# 2019 OVBA Opens



## rangervs81 (Feb 9, 2007)

4/13/19 (sat.) Mosquito, St.Park Ramp 8:00-4:00
6/8/19 (sat.) Berlin, German Church Ramp (must be TBF member) Times TBA.
6/9/19 Milton, Point View Ramp 6:00-2:00
$50 entry, you can fish alone, registration closes 15 min. before start times.


----------



## BASSINONE (Oct 24, 2013)

would love to fish skeeter on 4/13, but lakes trail has an open on portage same day.


----------



## Bassbme (Mar 11, 2012)

TBF member?


----------



## lakeslouie (Jan 11, 2006)

Bassbme said:


> TBF member?


It's a team Open for OBF/TBF Members. June 8th at Berlin. At stake is obviously the prize money but also a berth to the National Semi-Finals held this year at the Detroit River.

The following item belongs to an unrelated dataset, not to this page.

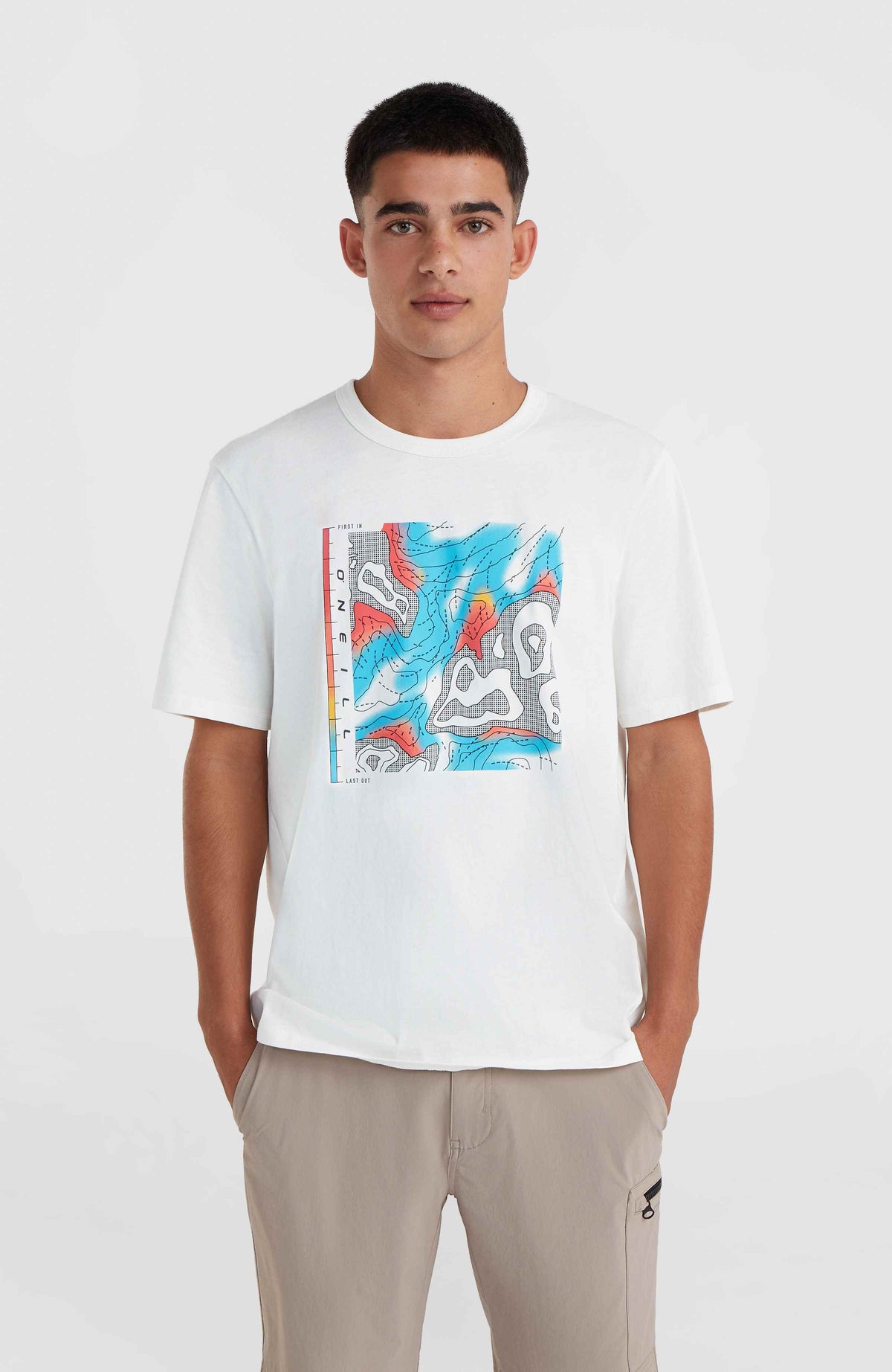 T-shirt O'Neill TRVLR Series Pacific Polygiene | Snow White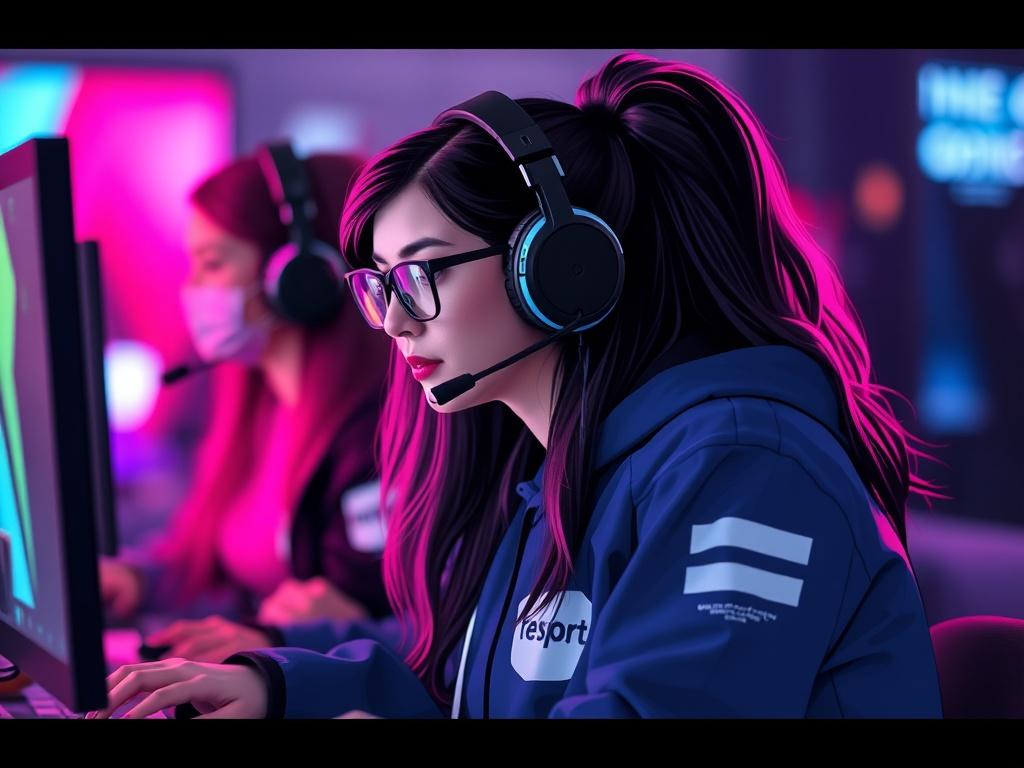     Frauen im E-Sport: Herausforderungen und Chancen.. Die aktuelle Lage: Wer ist sichtbar — und wer nicht?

That is huge cause you can bypass the State Championship held at Ohio River Gallipolis this year. The thing I like about OBF/TBF/FLW is that you can't buy your way in. You have to earn it by actually catching fish. It's the purest "grassroots" organization out there, and it all starts with your local affiliated bass club. Hope that helps.
Here is a link for NE Ohio clubs: http://www.ohiobassfederation.com/regions/region-3/
http://www.ohiobassfederation.com/tournaments/obftc/


----------



## rangervs81 (Feb 9, 2007)

Just a reminder, OVBA open 4/13/19 Mosquito St. Park Ramp 8:00-4:00


----------



## rizzman (Oct 25, 2007)

rangervs81 said:


> Just a reminder, OVBA open 4/13/19 Mosquito St. Park Ramp 8:00-4:00


I'LL BE THERE.


----------



## rangervs81 (Feb 9, 2007)

rizzman said:


> I'LL BE THERE.


thanks


----------



## rangervs81 (Feb 9, 2007)

rangervs81 said:


> 4/13/19 (sat.) Mosquito, St.Park Ramp 8:00-4:00
> 6/8/19 (sat.) Berlin, German Church Ramp (must be TBF member) Times TBA.
> 6/9/19 Milton, Point View Ramp 6:00-2:00
> $50 entry, you can fish alone, registration closes 15 min. before start times.


Just a reminder, OVBA Open Milton, Point View Ramp 6:00-2:00


----------



## Bwise (Sep 20, 2014)

Just to make sure...
No membership required for this, right?


----------



## hopin to cash (Sep 14, 2010)

The Sunday June 9th OVBA tournament at Milton is open to all there is no membership. Good Luck to all and safe fishing...


----------



## Bwise (Sep 20, 2014)

Thanks!


----------



## tubejig (Apr 5, 2010)

rangervs81 said:


> Just a reminder, OVBA Open Milton, Point View Ramp 6:00-2:00


Any report on Saturday's result?


----------